The White Czar always travelled about ten miles inland. He did not want to follow the sea coast, for he had discovered that men lived along the coast. He would keep as far away from them as he could and still keep in touch with the sea.

Then this wonderful country abounded in strange berries which were delicious to the taste. This was another thing that the white bear learned of his black cousin. There were also many roots which were good eating. Altogether it was a wonderful country through which the White Czar fled. But it was not his country. His home was by the wild Arctic sea, upon the icefloe, amid the ice and snow. This country was too tame, too warm, too comfortable.

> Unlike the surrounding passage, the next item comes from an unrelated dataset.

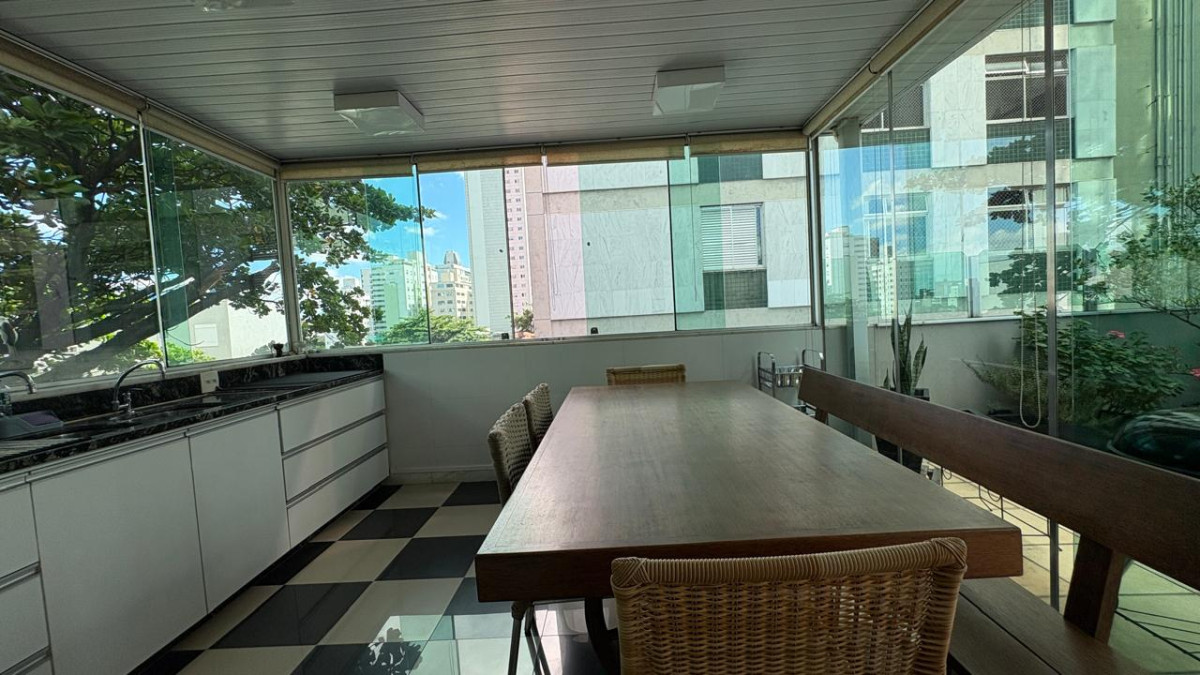 Cobertura, 3 quartos, 142 m² - Foto 1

He wanted something more boisterous, more difficult, something against which he might pit his great strength.

Finally after about a month he came to a good-sized stream where there were several beaver dams. He had also seen many caribou signs that day, so he was beginning to feel at home.

The ptarmigan likewise were plenty. Surely he was coming into his own.

This river did not look like the rivers he had crossed in his flight through the province of Quebec. It was more rugged, more rocky. The water ran more swiftly. It was more turbulent, like the racing blood in the veins of the White Czar. With an exultance that he had not felt since his capture two months before, the white bear plunged into the river and swam it. The water swirled about him and he battled with the current. It made him glad. Here was something to fight. He reached the further bank and shook himself, then raised his great head and sniffed the wind. There was a tang about it that he had not smelled in many a week. It was fairly cold. It made him distend his nostrils and take in great breaths. Did it smell of salt water? Was it the open sea that he smelled? The great bear could not tell. But one thing he did know. He was at home in Labrador at last. The fell clutch of civilization would never again grip him. He was back in his native wilds. He would come and go as he wished. No mere man creature should ever again fling a rope over his great head and drag him to that cramped cage. He would fight to the death before that should happen again.

He was free, free, and would remain so, until the wild arctic winds and the cold finally conquered him and he lay down to sleep with his sires.